Treasury Secretary Janet Yellen used special measures provided to her as a result of 9/11 and the Patriot Act to issue a notice of proposed rulemaking (NPRM) that would classify virtual currency mixing as a class of transactions of primary money laundering concern. The public will have 90 days to respond once published in the Federal Register to this special measure that would require “domestic financial institutions and domestic financial agencies to implement certain record keeping and reporting requirements relating to transactions involving convertible virtual currency (CVC) mixing.”
Since Israel was first attacked by Hamas, there has been a great deal of scrutiny as to whether cryptocurrency was used to help finance the attack. Amid this concern, Senator Elizabeth Warren (D-Mass.), along with 100 lawmakers from the House and Senate, pressed the White House and Treasury in a letter regarding the efforts underway to prevent Hamas from using cryptocurrency as a financial resource. On Wednesday October 18th, Treasury issued sanctions against Hamas that included one crypto-asset exchange. Hamas announced back in April 2023 that it was no longer using bitcoin due to financial privacy donor concerns as Israeli officials had been successful in disrupting as least some of the financing efforts.
The unusual use of this authority cites section 311 of the USA Patriot Act that allows the Secretary of the Treasury authority, upon finding reasonable grounds exist, to conclude one or more transactions outside of the United States is of primary money laundering concern, and to require domestic financial institutions and domestic financial agencies take certain “special measures.”
Secretary Yellen is required to consider certain factors in making such a determination that will include conferring with the Secretary of State and Attorney General, as well as considering information deemed relevant to the Treasury Secretary. In that FinCEN has been delegated the authority to evaluate classifying these mixers as money laundering tools, the public notice demonstrates the type of information that will be considered prior to making this classification.
As justification for FinCEN’s finding that transactions involving convertible virtual currency (CVC) mixing transactions are of primary money laundering concern, the NPRM cites, “frequently used by criminals and state actors to facilitate a range of illicit activity, including, but not limited to, money laundering, sanctions evasion and WMD proliferation by the Democratic People’s Republic of Korea (DPRK or North Korea), Russian-associated ransomware attacks, 13 and illicit darknet markets.” According to FinCEN, the percentage of transactions involving CVC mixing that are illicit is increasing as well.

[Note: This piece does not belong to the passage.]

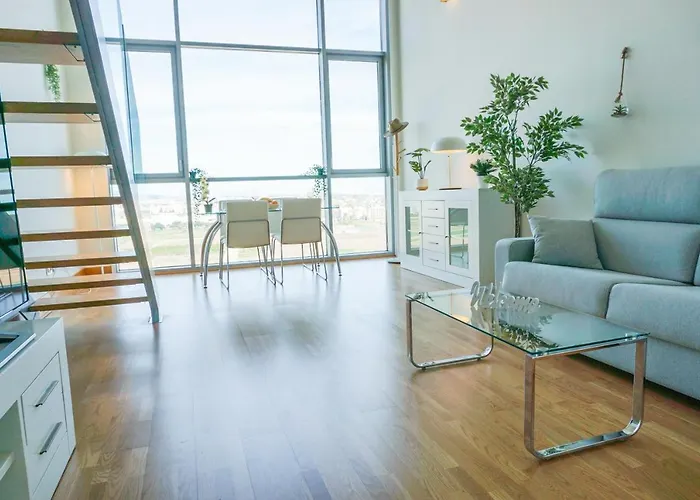 Apartamento Loft Duplex Con Parking Gratis * فالنسيا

Should Yellen decide to use this special measure, the result would be requiring “covered financial institutions to implement certain recordkeeping and reporting requirements on transactions that covered financial institutions know, suspect, or have reason to suspect involve CVC mixing within or involving jurisdictions outside the United States.” The implementation of such a special measure would be done by the Treasury Secretary consulting with the Federal Reserve, other banking regulators, the Secretary of State, the Securities and Exchange Commission, the Commodity Futures Trading Commission, and the National Credit Union Administration Board, as well as any other agencies that Yellen would decide to consult.